Activity
Output the lines below exactly, please, from the first line until the line with "Elegantes 4-Sitzer-Ecksofa Anarela", counting both.

= = = = = = =

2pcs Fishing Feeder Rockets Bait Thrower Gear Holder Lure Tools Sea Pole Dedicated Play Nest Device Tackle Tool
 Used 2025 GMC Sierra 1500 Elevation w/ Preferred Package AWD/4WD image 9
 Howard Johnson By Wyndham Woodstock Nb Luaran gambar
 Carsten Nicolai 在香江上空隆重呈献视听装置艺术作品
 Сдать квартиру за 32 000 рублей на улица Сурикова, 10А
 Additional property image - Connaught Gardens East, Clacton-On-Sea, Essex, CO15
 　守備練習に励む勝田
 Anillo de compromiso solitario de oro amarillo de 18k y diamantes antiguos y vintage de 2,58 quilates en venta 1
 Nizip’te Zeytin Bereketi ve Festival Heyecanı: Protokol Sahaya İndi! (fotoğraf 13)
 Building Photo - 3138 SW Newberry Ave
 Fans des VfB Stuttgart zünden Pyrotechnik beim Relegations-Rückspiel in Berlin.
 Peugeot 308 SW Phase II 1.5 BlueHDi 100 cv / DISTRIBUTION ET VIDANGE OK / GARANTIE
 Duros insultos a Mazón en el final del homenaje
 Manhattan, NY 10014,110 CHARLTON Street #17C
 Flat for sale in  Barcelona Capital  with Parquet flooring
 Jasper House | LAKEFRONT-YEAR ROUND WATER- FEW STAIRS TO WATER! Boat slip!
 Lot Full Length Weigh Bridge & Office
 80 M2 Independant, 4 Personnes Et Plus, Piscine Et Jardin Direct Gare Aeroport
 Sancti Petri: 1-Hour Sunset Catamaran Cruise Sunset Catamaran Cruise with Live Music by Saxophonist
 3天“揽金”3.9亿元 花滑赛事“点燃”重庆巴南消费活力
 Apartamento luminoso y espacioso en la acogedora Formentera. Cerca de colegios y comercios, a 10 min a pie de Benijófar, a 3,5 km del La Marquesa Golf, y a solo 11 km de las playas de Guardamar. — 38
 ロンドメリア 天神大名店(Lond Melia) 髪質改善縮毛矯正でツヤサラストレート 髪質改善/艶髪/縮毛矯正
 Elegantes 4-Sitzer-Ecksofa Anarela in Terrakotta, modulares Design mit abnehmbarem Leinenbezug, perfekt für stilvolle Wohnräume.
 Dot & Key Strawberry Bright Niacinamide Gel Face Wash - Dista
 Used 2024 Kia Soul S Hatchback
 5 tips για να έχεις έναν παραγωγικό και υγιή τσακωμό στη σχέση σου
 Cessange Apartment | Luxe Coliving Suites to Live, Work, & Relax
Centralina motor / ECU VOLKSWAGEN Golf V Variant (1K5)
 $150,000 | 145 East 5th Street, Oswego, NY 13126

= = = = = = =

Expected answer
2pcs Fishing Feeder Rockets Bait Thrower Gear Holder Lure Tools Sea Pole Dedicated Play Nest Device Tackle Tool
 Used 2025 GMC Sierra 1500 Elevation w/ Preferred Package AWD/4WD image 9
 Howard Johnson By Wyndham Woodstock Nb Luaran gambar
 Carsten Nicolai 在香江上空隆重呈献视听装置艺术作品
 Сдать квартиру за 32 000 рублей на улица Сурикова, 10А
 Additional property image - Connaught Gardens East, Clacton-On-Sea, Essex, CO15
 　守備練習に励む勝田
 Anillo de compromiso solitario de oro amarillo de 18k y diamantes antiguos y vintage de 2,58 quilates en venta 1
 Nizip’te Zeytin Bereketi ve Festival Heyecanı: Protokol Sahaya İndi! (fotoğraf 13)
 Building Photo - 3138 SW Newberry Ave
 Fans des VfB Stuttgart zünden Pyrotechnik beim Relegations-Rückspiel in Berlin.
 Peugeot 308 SW Phase II 1.5 BlueHDi 100 cv / DISTRIBUTION ET VIDANGE OK / GARANTIE
 Duros insultos a Mazón en el final del homenaje
 Manhattan, NY 10014,110 CHARLTON Street #17C
 Flat for sale in  Barcelona Capital  with Parquet flooring
 Jasper House | LAKEFRONT-YEAR ROUND WATER- FEW STAIRS TO WATER! Boat slip!
 Lot Full Length Weigh Bridge & Office
 80 M2 Independant, 4 Personnes Et Plus, Piscine Et Jardin Direct Gare Aeroport
 Sancti Petri: 1-Hour Sunset Catamaran Cruise Sunset Catamaran Cruise with Live Music by Saxophonist
 3天“揽金”3.9亿元 花滑赛事“点燃”重庆巴南消费活力
 Apartamento luminoso y espacioso en la acogedora Formentera. Cerca de colegios y comercios, a 10 min a pie de Benijófar, a 3,5 km del La Marquesa Golf, y a solo 11 km de las playas de Guardamar. — 38
 ロンドメリア 天神大名店(Lond Melia) 髪質改善縮毛矯正でツヤサラストレート 髪質改善/艶髪/縮毛矯正
 Elegantes 4-Sitzer-Ecksofa Anarela in Terrakotta, modulares Design mit abnehmbarem Leinenbezug, perfekt für stilvolle Wohnräume.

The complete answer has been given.